Many borrowers tend to pay their mortgages "late" each month because most mortgages have a grace period of about two weeks before any late fees are assessed. So if your mortgage is due on the first but you typically get your payment to your servicer around the 15th, that's half a month of additional interest (not to mention running the risk of getting hit with a late fee if the mail delivery is running a bit slow!).

A higher loan balance

True, the actual amount of additional interest is fairly small - you're only paying additional interest on the amount of your principal payment for the month. For example, suppose you owe $200,000 on your mortgage and $500 of your current monthly payment is going toward the principal. With a simple interest loan, for each day your payment is late, the interest rate is charged against a balance of $200,000 instead of $199,500.

For the $500 difference, the interest isn't much - about 32 cents a day on a loan with an interest rate of 6 percent, or $3.20 if you typically pay 10 days late. But over the life of the loan, it can add up. On a 6 percent mortgage with simple interest, paying 10 days late consistently means more than three additional mortgage payments at the end of a 30-year loan - a period that gets even longer as the interest rate goes up or the longer you delay making your monthly payments.

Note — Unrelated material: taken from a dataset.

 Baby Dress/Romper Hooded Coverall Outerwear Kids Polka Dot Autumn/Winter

The problem for many borrowers is that they assume simple interest is normal. When their mortgage lender tells them "Oh, it's just simple interest" it sounds like the most straightforward, least expensive thing to do. But it's not.

Early mortgage payments can save

Simple interest can have an upside, if you're the type who likes to make your mortgage payments early. In that case, each day you make your payment ahead of your due date will save you money, instead of costing you. But relatively few borrowers find themselves able to do that on a consistent basis. You don't get a benefit for paying a standard mortgage a few days early, since the interest is still calculated once a month.

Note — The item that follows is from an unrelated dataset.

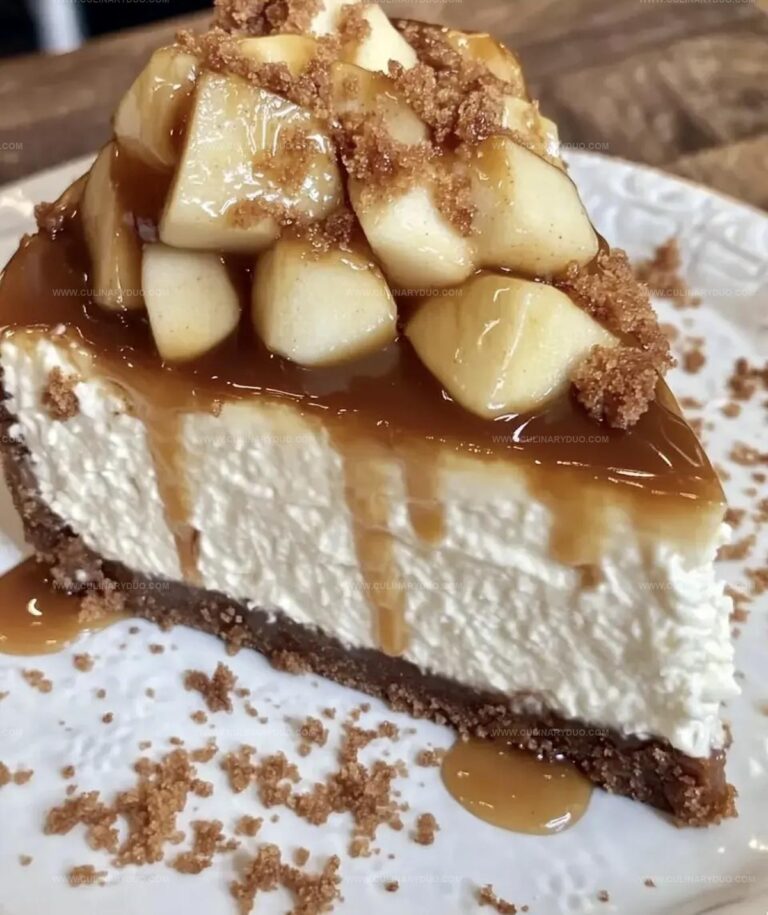 Caramel Apple Cheesecake Recipe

One more thing - even if your lender tells you you're getting a standard mortgage, it might not stay that way unless it's specifically written into the mortgage contract. Some mortgage servicers have been known to convert standard interest mortgages to simple interest when acquiring a mortgage if the loan terms don't specifically prohibit them from doing so. So it's a good idea to make sure your loan agreement specifically states you're getting a standard mortgage at the outset.